Nitekim daha o ‘gönder’ tuşuna basarken ortalığı “Tacize uğrayan kadınlar neden susarlar?” konusuna açıklık getirecek örnekler sardı. “Oh hadi, kastın primini, yaptın reklamını, artık sırtın yere gelmez”cileri geçiyorum, kendilerine akıl ve vicdan dileyerek, ama asıl bir dolu da böyle bir durumda ortalığı ayağa kaldırmanın doğru olmadığında inanan, işin pekala ‘aile içinde’ çözülebileceğini düşünen sektör insanı var. Aklına fikrine saygı duyduğum bir oyuncu arkadaşımız mesela, “Sette taciz olaylarının paylaşıldıkça büyüdüğünü” iddia etti, “Mahkemelik olmuş dizi hâlâ devam ediyor, bu ‘ahlakçılık’ biraz yalan. Hollywood’da başlatılan bu haklı dava burada çirkinleşti. Set çalışanları insandır ve böyle durumlara tepki verirler, orada çözülür anında” şeklinde.
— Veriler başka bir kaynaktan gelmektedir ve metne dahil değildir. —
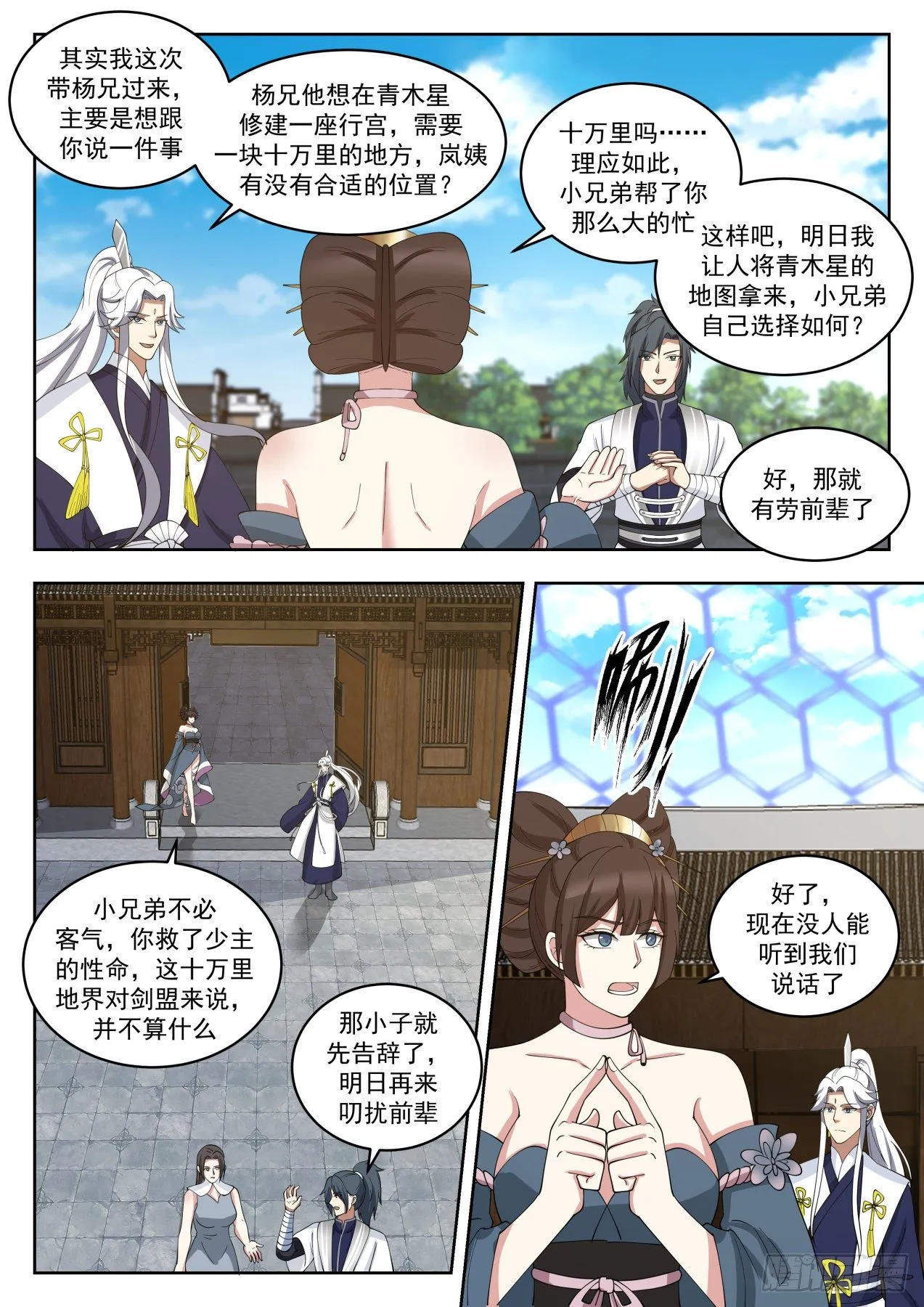 武炼巅峰漫画漫画,1453 双鲨岛2图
“Yasak Elma” hakkında söylediklerine katılmakla beraber, nasıl bir ‘anında hal yolu’ önerdiğini, örnekte görüldüğü gibi bir halledilmeme durumunda ne yapmak gerektiğini düşündüğünü anlayamadım. “Bu kadar büyütmeyin efendim” mi diyor, “olsa dayağı yerdi abilerinden, olmamış demek ki” mi diyor, ne diyor? Zaten ikinci fasıl da o, “Bizim setlerde olmaz öyle şey”. Bunu iddia eden kadınlar bile var.
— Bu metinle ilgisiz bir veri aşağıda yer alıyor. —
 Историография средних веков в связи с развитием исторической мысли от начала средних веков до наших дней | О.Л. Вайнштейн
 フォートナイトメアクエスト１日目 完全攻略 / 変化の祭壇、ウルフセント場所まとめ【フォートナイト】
Birkaç yıl önce Nurgül Yeşilçay çıkıp aslanlar gibi sette uğradığı hakaretleri, tacizleri, saldırıları anlattığında “Nurgül Yeşilçay şöhretine sahip bir kadın bunları göz önünde yaşayıp karşısında yapımcısından yönetmenine bir erkek ittifakı buluyorsa daha güçsüz konumdaki kadınların başına neler geliyordur?” diye düşünmüş, bunların teker teker ortaya çıkmaya başladığı gün taşların nasıl yerinden oynayacağını düşünmüştüm. Yaşıyor ve görüyoruz nitekim.
Birileri çıkıp “Yeter” diyor, başka birilerinin keyfi kaçıyor, “Hayır, flört de mi edemeyeceğiz?”, olmadı ‘racon’dan dem vuruyor. Bu raconla geldiğimiz nokta bu, beyler. Kusura bakmayın, kendinize vehmettiğiniz “sevimli hergeleler” kılığından sıyrılacak, kadınlarla istekleri dışında ‘flört’ edemeyecek, rahatsız edici sözlerinizi, cinsiyetçi küfürlerinizi, aşağılayıcı ifadelerinizi yutacaksınız. Değilse de bu olacak, yaşananlar ortalığa dökülüp konuşulacak, kadınlar yalnız ve sessiz kalmayacak.